====== Record extracts
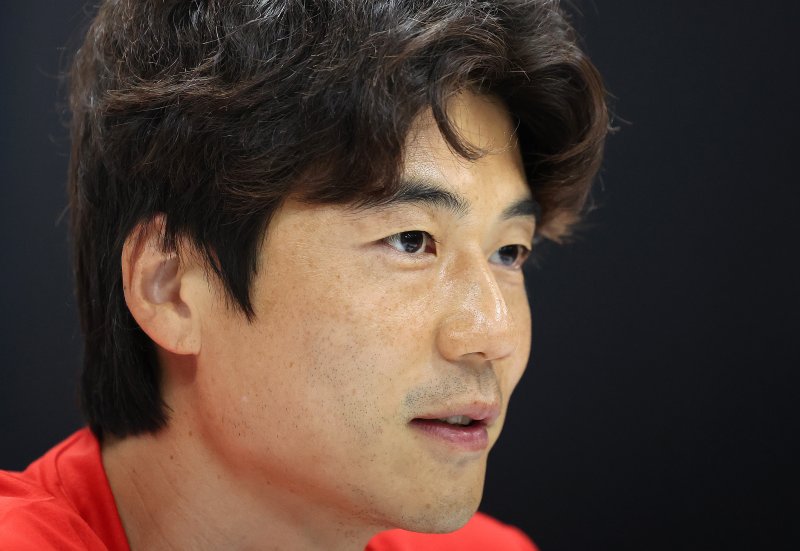 [포항=뉴시스] 이무열 기자 = 축구선수 기성용(36·포항스틸러스)씨가 성폭력 가해 논란 폭로자를 상대로 제기한 억대 손해배상 청구 소송 1심에서 일부 승소했다. 사진은 지난 4일 경북 포항시 북구 포항스틸러스 송라클럽하우스에서 열린 기성용 입단 미디어데이에서 기성용이 취재진과 인터뷰를 하는 모습. 2025.07.04. lmy@newsis.com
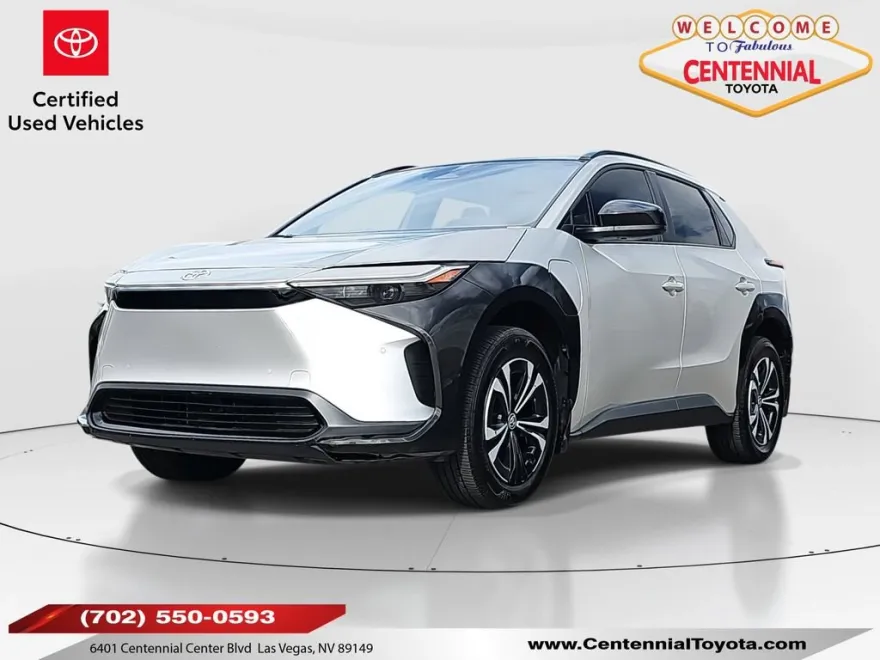 2024 Toyota bZ4X XLE photo 1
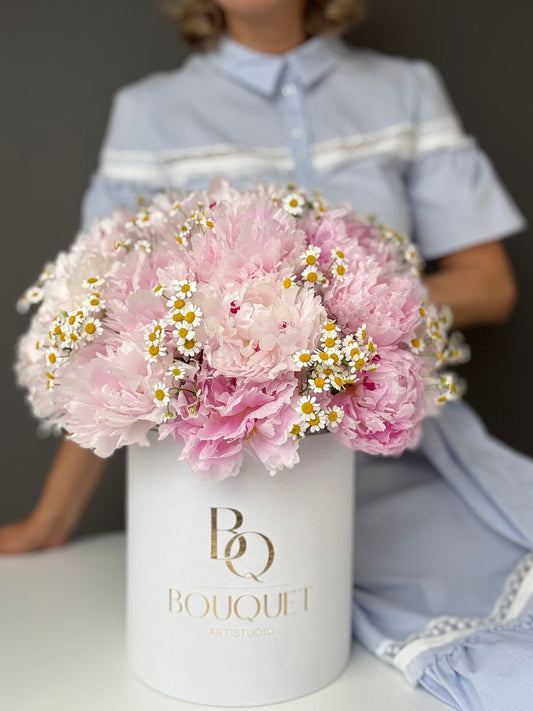 LUXURY PINK PEONIES & CHAMOMILE FLOWERS IN HAT BOX | BQ BOUQUET
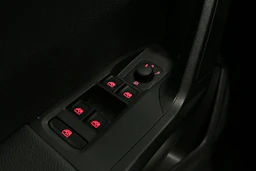harmaa SEAT Arona 2024 kuva 13.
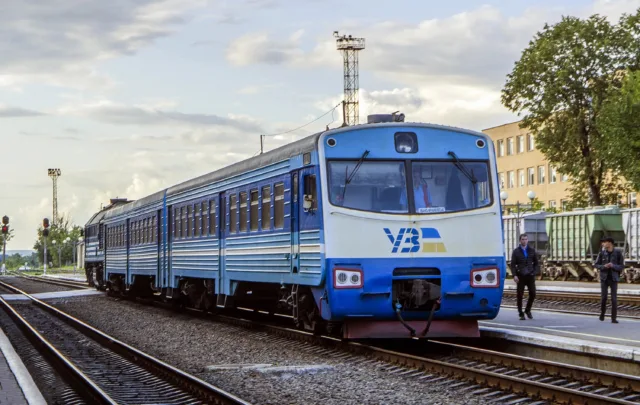 2М62-1001 и ДПЛ1-005. Украина, Ивано-франковская область, станция Ивано-Франковск. Автор: Aka Theory. Дата: 27 июля 2023 г.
============
**Work to be completed**
Print the records again exactly, pictures excluded.

**Answer section**
 [포항=뉴시스] 이무열 기자 = 축구선수 기성용(36·포항스틸러스)씨가 성폭력 가해 논란 폭로자를 상대로 제기한 억대 손해배상 청구 소송 1심에서 일부 승소했다. 사진은 지난 4일 경북 포항시 북구 포항스틸러스 송라클럽하우스에서 열린 기성용 입단 미디어데이에서 기성용이 취재진과 인터뷰를 하는 모습. 2025.07.04. lmy@newsis.com
 2024 Toyota bZ4X XLE photo 1
 LUXURY PINK PEONIES & CHAMOMILE FLOWERS IN HAT BOX | BQ BOUQUET
harmaa SEAT Arona 2024 kuva 13.
 2М62-1001 и ДПЛ1-005. Украина, Ивано-франковская область, станция Ивано-Франковск. Автор: Aka Theory. Дата: 27 июля 2023 г.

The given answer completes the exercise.